SHOES: Present Tense (Elektra) This band isn't for everyone, but it's certainly a formalist's delight. The three principals pursue their theme of Sad Love as obsessively as a cavalier writing sonnets to his lady. Their voices are interchangeably breathy, their tempos unflappably moderate, their guitar hooks unfailingly right. And when for a change of pace one of them sounds bitter the effect is as startling as a Johnny Ramone guitar solo. A MINUS [Later]

THE SINCEROS: The Sound of Sunbathing (Columbia) Wayne Robins clued me in on why I wasn't connecting with these sly, solid, snappy songs when he told me they reminded him of Freddie and the Dreamers. Right--it's Freddie evolved from teen lies to pop candor, effetely nasty rather than revoltingly cute, acknowledging his own little failings and hostilities in a mildly remorseless voice. And sly, solid, and snappy for all that. B MINUS

BRAM TCHAIKOVSKY: Strange Man, Changed Man (Polydor) Bram's multitracked, overechoed interpretations of old-wave profundities like "I'm the one that's leaving" and new wave bromides like "all these people suck" makes him sound like a power pop Crosby, Crosby & Crosby. One of these tunes is reputed to have been a hit, but damned if I can tell by listening which one it was. C PLUS [Later]

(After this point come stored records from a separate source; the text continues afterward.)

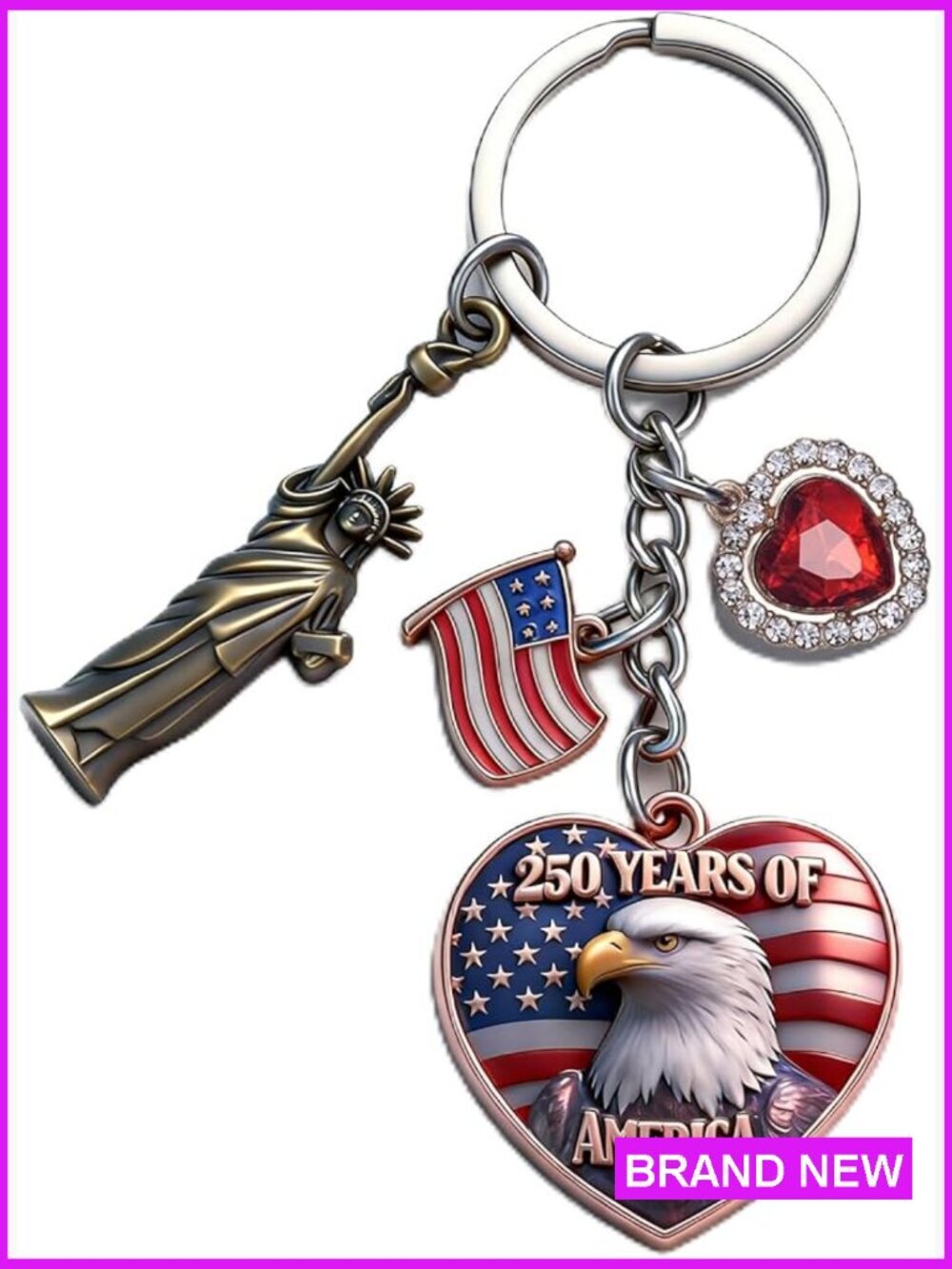 USA 250th Anniversary Eagle Flag Keychain Commemorative Patriotic Gift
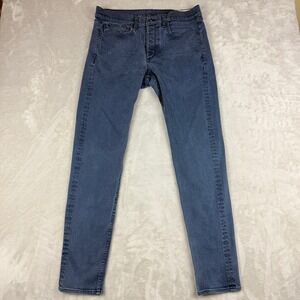 Rag & Bone Jeans Fit 1 Extra Slim Men 34 (35x32.75) Coated Navy Button Fly USA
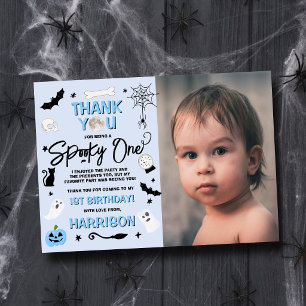 Carte De Remerciements Un effrayant ! Photo d'anniversaire des garçons Ha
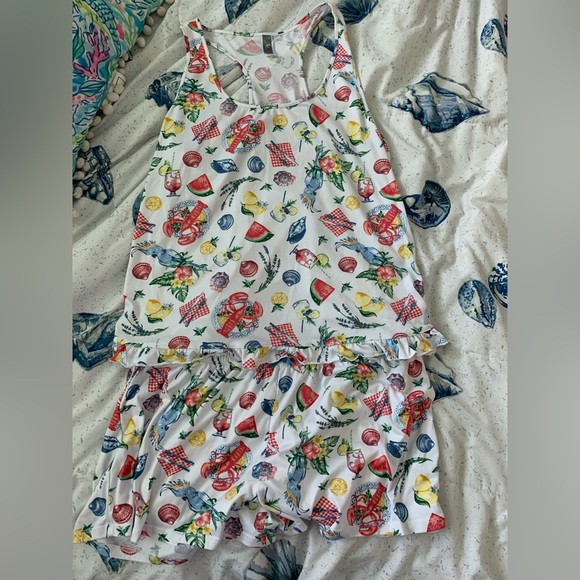 Pj Couture Colorful Nantucket picnic Print Pajama Set - Picture 1 of 5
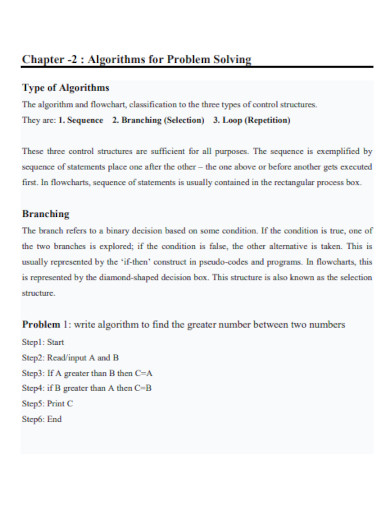 problem solving algorithm examples pdf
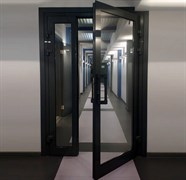 Алюминиевая противопожарная полуторная дверь EI 60 AG-FPS Черная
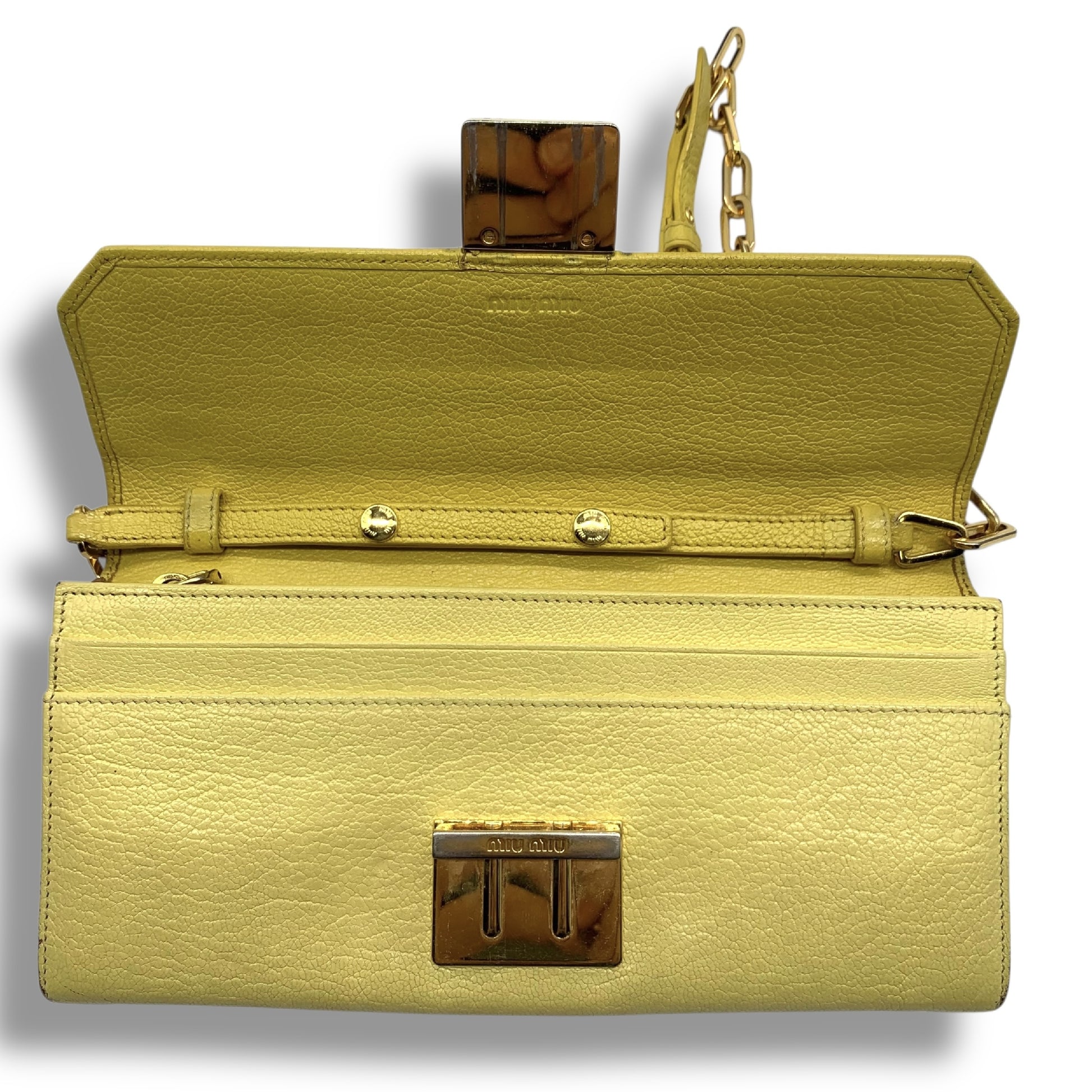 Miu Miu All Leather Chain Wallet Yellow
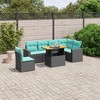 vidaXL 7 Piece Patio Sofa Set with Cushions Black Poly Rattan - 2 of 4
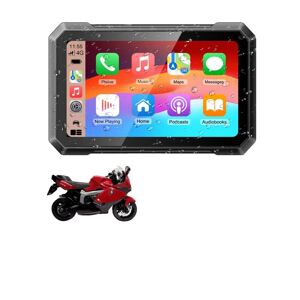 SupplySwap Motorcykel GPS-navigator, Trådløs Apple Carplay, Vandtæt IPX7-skærm, sort
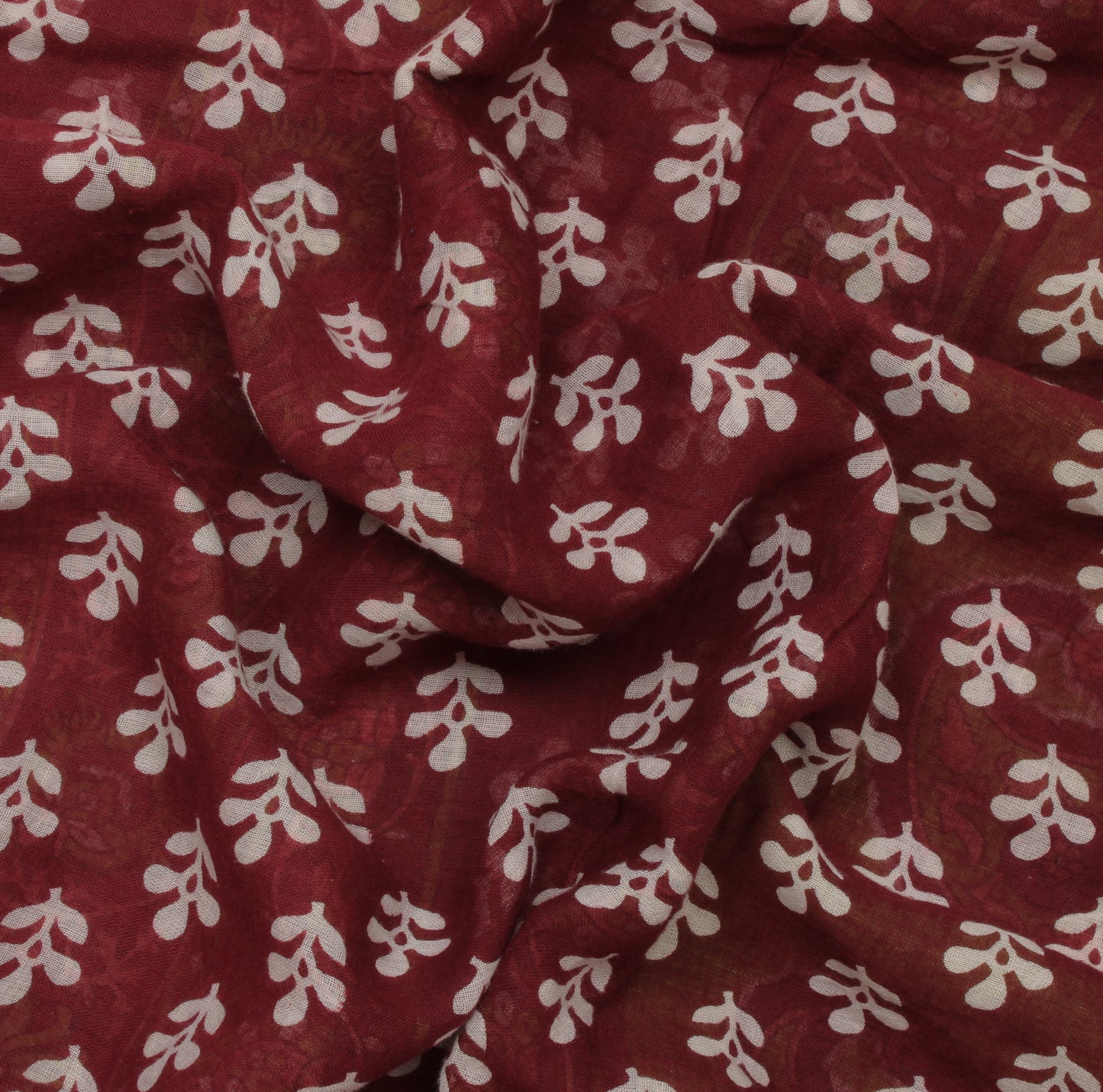 Sushila Vintage Maroon Saree 100% Pure Cotton Printed Floral Soft Craft Fabric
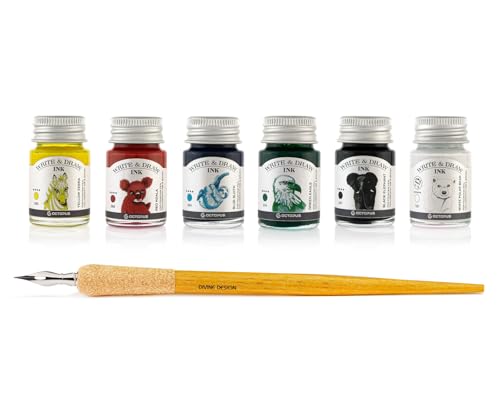 Write and Draw Ink Set BASIC BRIGHT, Schreib- und Zeichentusche, 6 x 10 ml mit Schreibfeder von Octopus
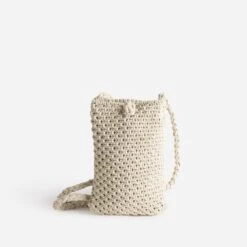 Pochette à Téléphone TEXTO Beige En Macramé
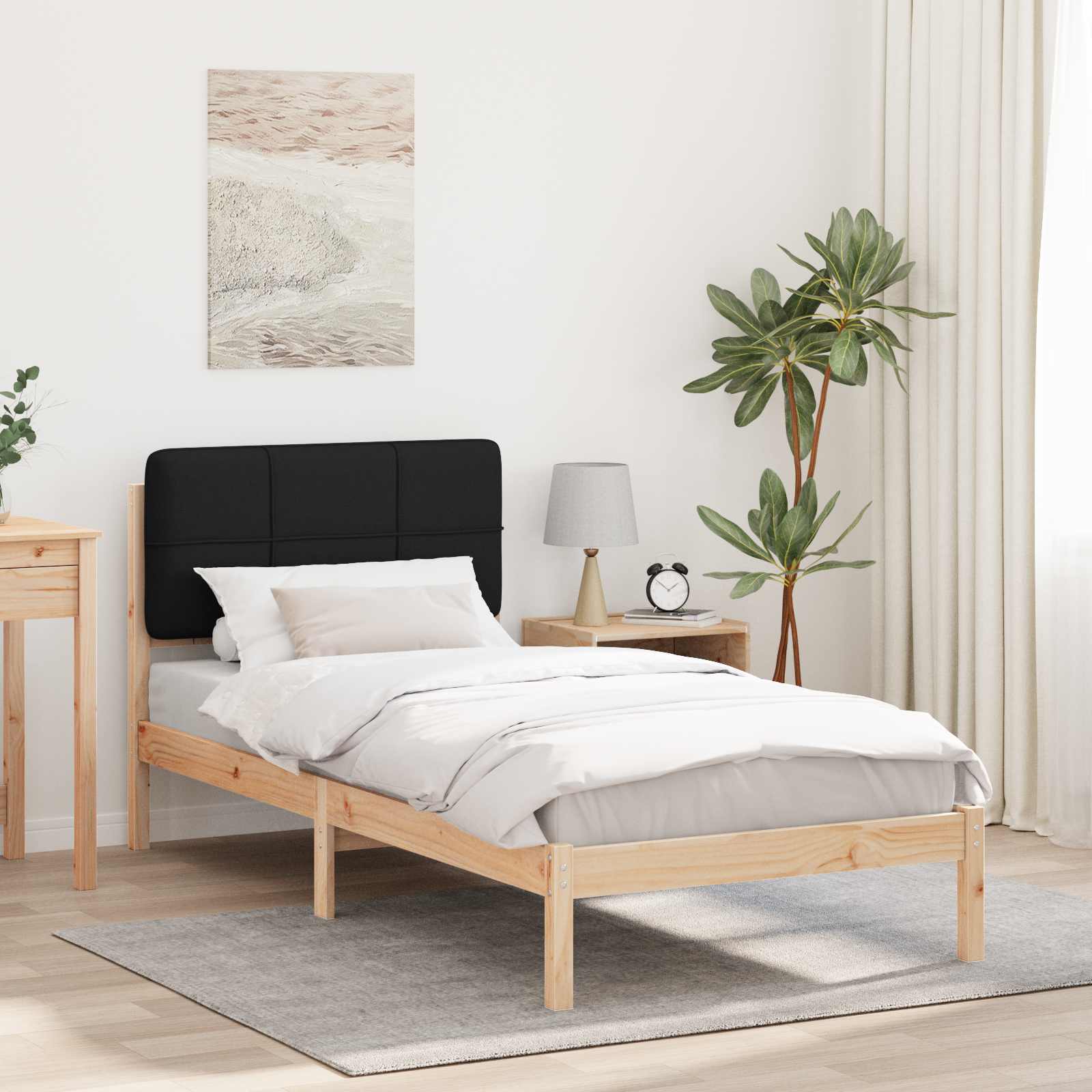 Sängram med Klädd Huvudgavel Svart 90 x 200 cm Massiv furu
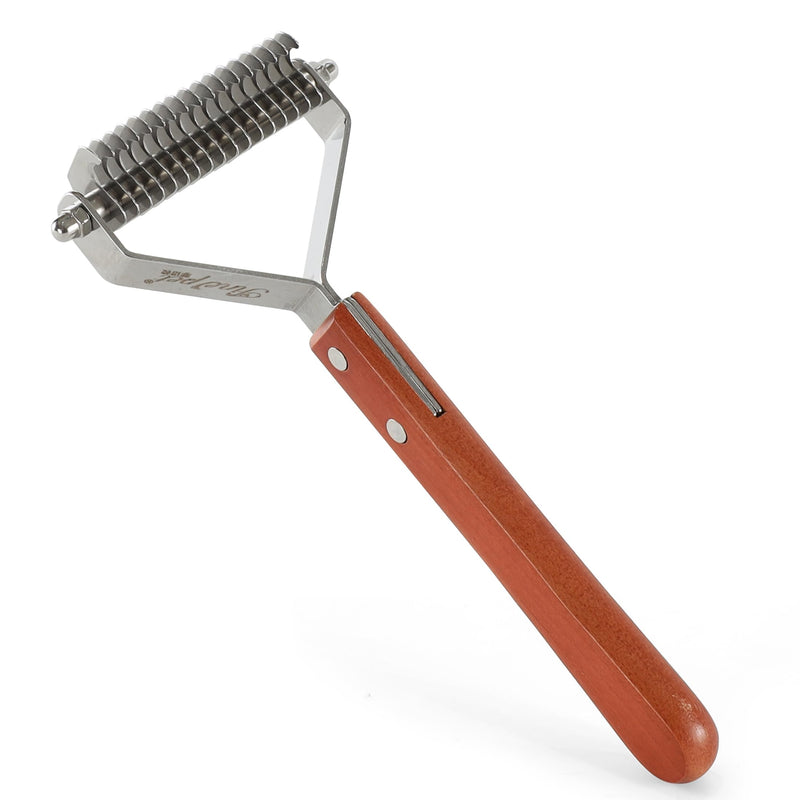 Dog Undercoat Rake Cat Grooming Rake with Wooden Handle Dematting Undercoat Brush for Medium Hair Coat Rake for Dogs Knot Removal and Shedding Control L Undercoat Rake-01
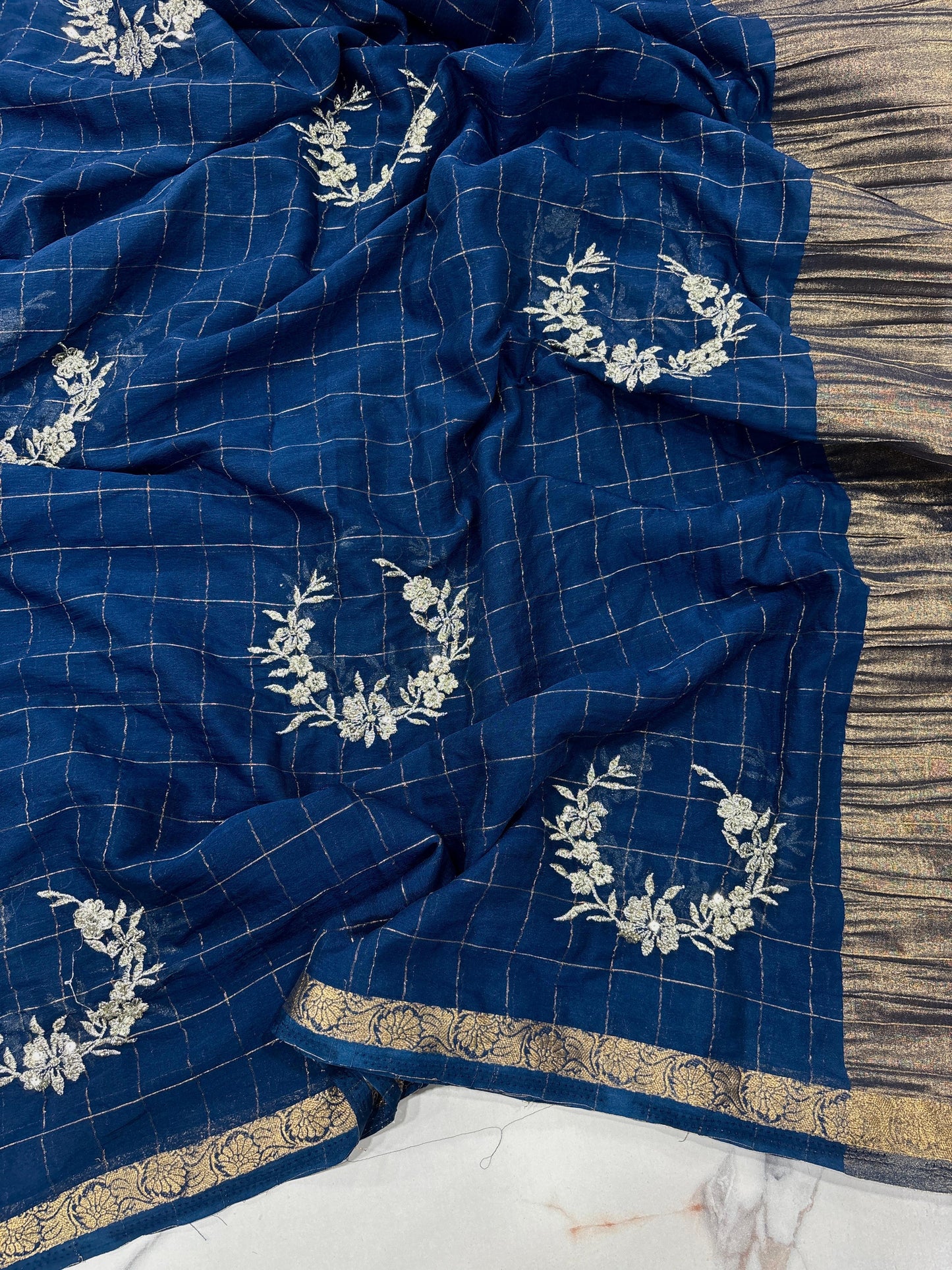 An elegant crush silk saree with embroidery (Delivery in 20-25 working Days)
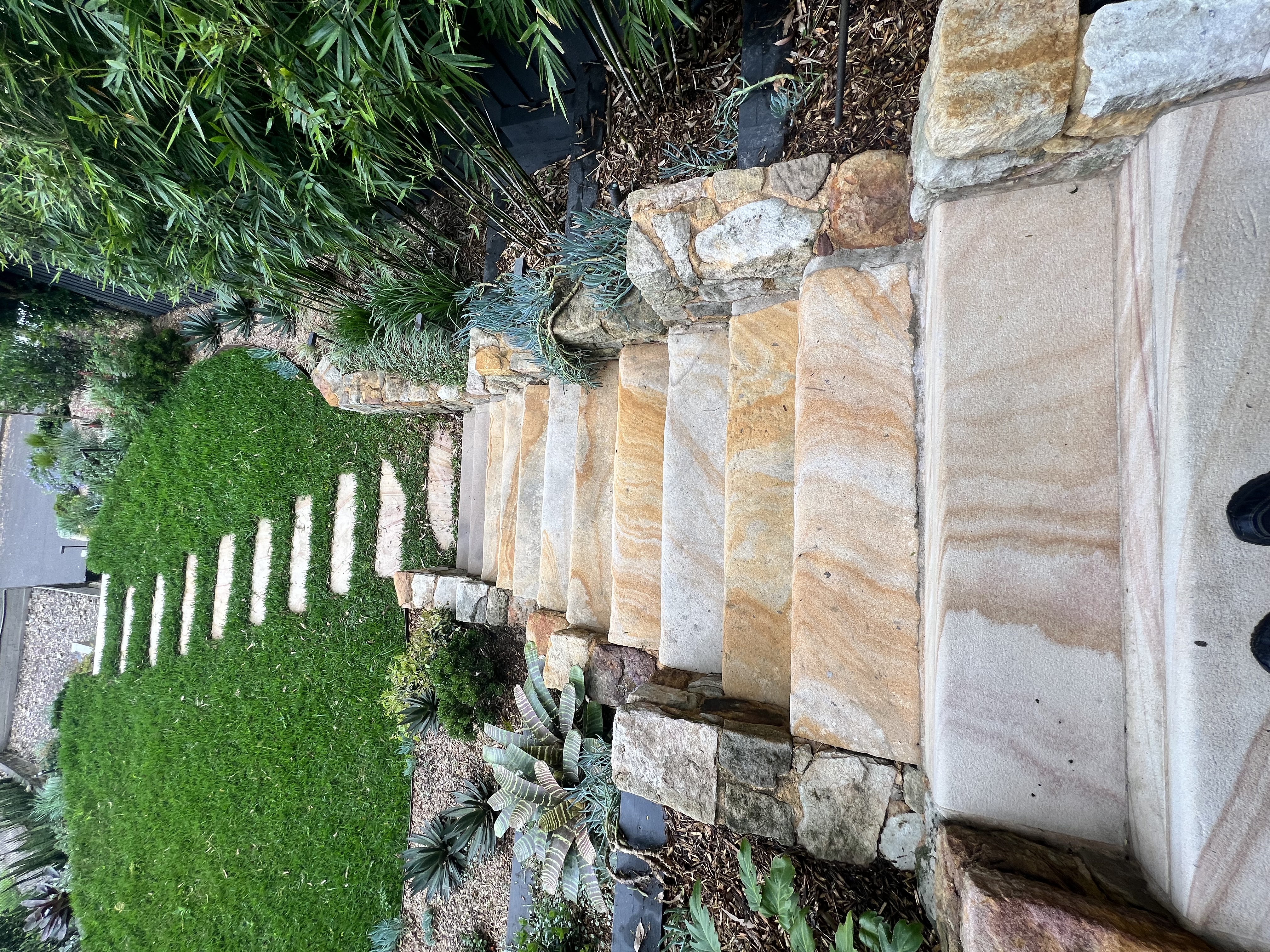 Sandstone steps after cleaning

YACHTS (Polydor) You have to hand it to a group that can give itself such a ridiculous name and then come up with credible songs called "Yachting Type" and "Semaphore Love." Actually, most of these songs are pretty credible, even (or especially) the one structured around the word "tantamount." Funny boys, no doubt about it. But their biggest joke is a mock-snooty, mock-operatic rock crooning style that I'm not eager to hear again. B MINUS

YIPES! (Millennium) This Wisconsin band is nowhere near as yucky as name and packaging suggest--how can you hate someone who complains that Californians "got no ceilings on their cars"? Subjects of other cartoons--some simple-minded, some not--include class rivalry, being white, and the cold war. The problem is leader Pat McCurdy, who has one of those "good rock voices" that enable the artiste to shout in tune but don't permit much nuance. You can almost see him curling his lip and raising his eyebrows whenever a joke comes up. Oh well. B MINUS

Additional Consumer News

I must report meager pickings after searching desperately through nearly every unplayed and once played indie 45 to come my way since June, although I grant that I haven't besieged the shops or the deejay booths, which means there may be essential stuff out there. Right now I'll offer qualified support for the Adults' Critique of Pure Reason EP (Nesa), which in addition to its superb title and group name offers four solid rockers, clean but uncute, a promising original, a fine cover of the Honeycombs' "Have I the Right," and two rockabilly remakes of moderate (Ronnie Self) and extreme (sold 250 copies) obscurity.